◆ **What you are asked to do**: All lines from the one containing "Bursa’daki camilerde, Mehmetçik" to the end of the listing below should be output exactly; omit the pictures.

◆ **Records supplied**:
______

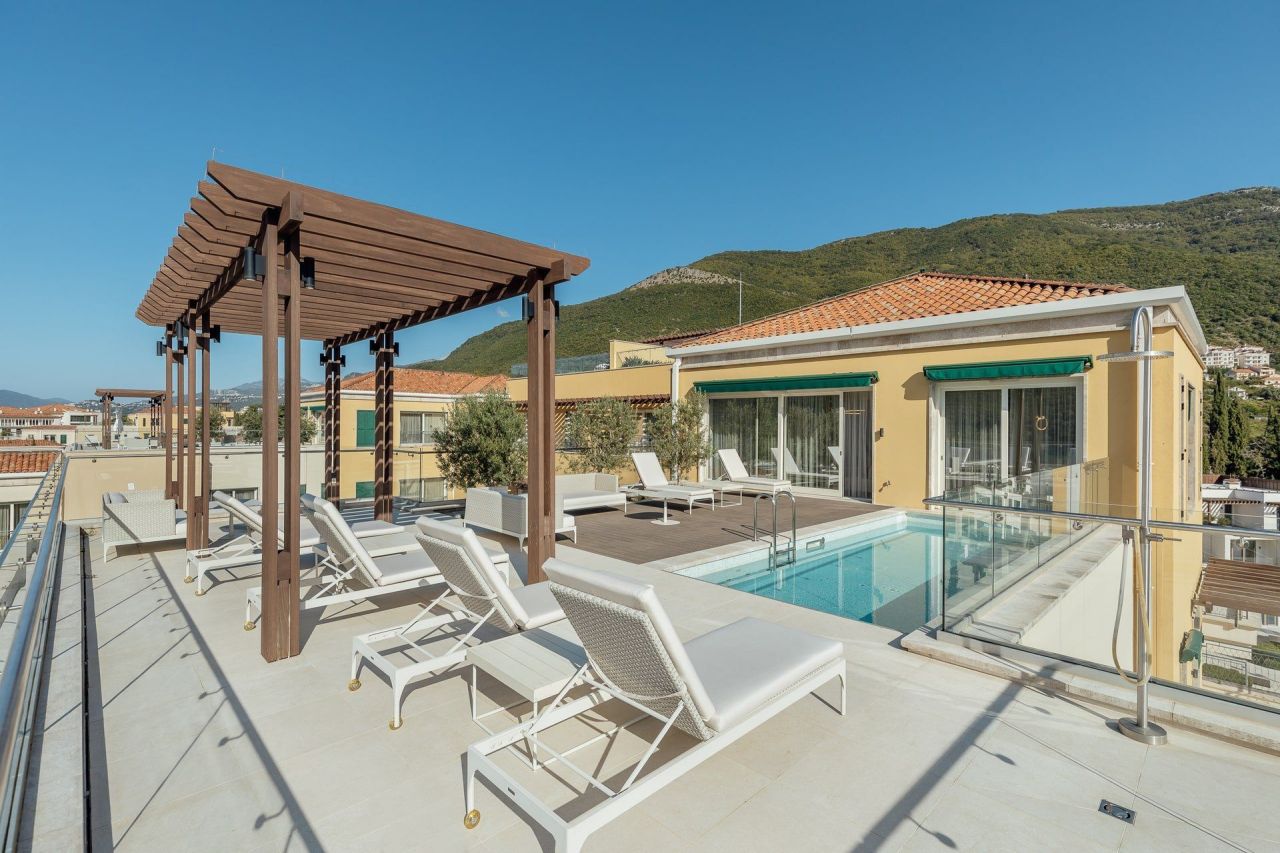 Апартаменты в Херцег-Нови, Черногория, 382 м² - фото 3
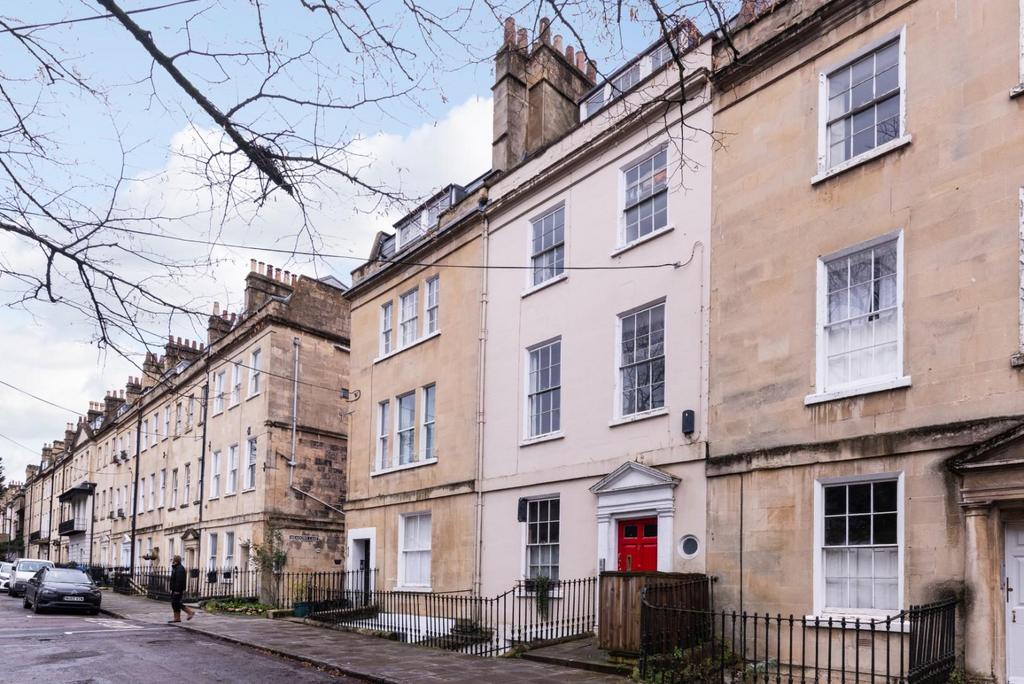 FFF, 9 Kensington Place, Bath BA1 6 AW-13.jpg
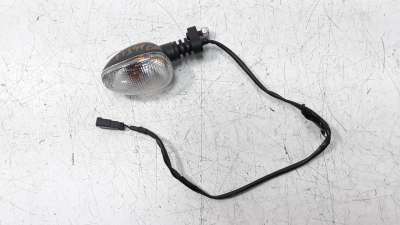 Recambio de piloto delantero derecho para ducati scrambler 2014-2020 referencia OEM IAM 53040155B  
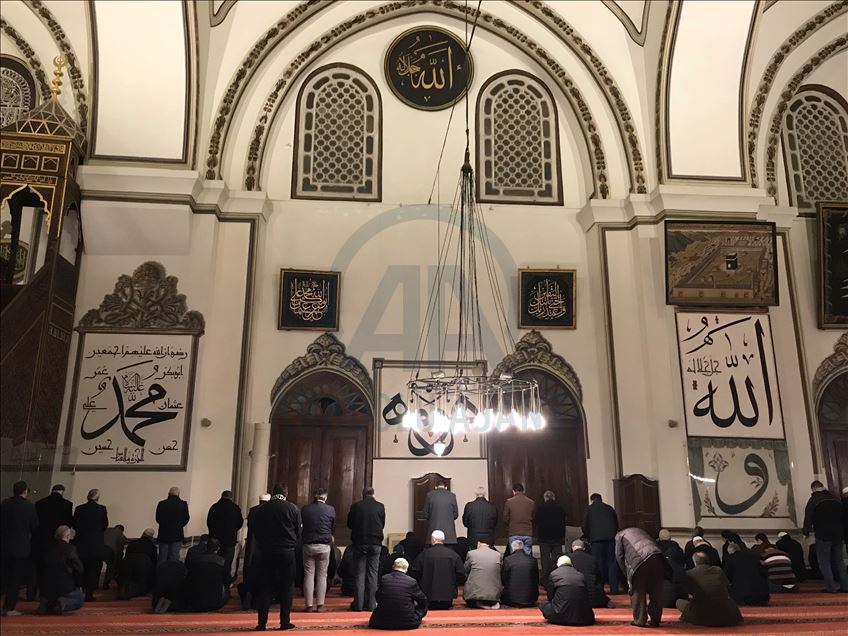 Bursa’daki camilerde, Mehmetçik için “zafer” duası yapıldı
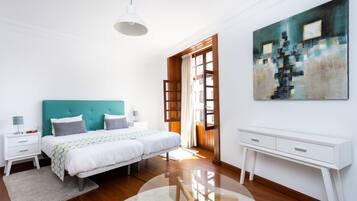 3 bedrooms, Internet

______

◆ **Exercise response**:
 Bursa’daki camilerde, Mehmetçik için “zafer” duası yapıldı
 3 bedrooms, Internet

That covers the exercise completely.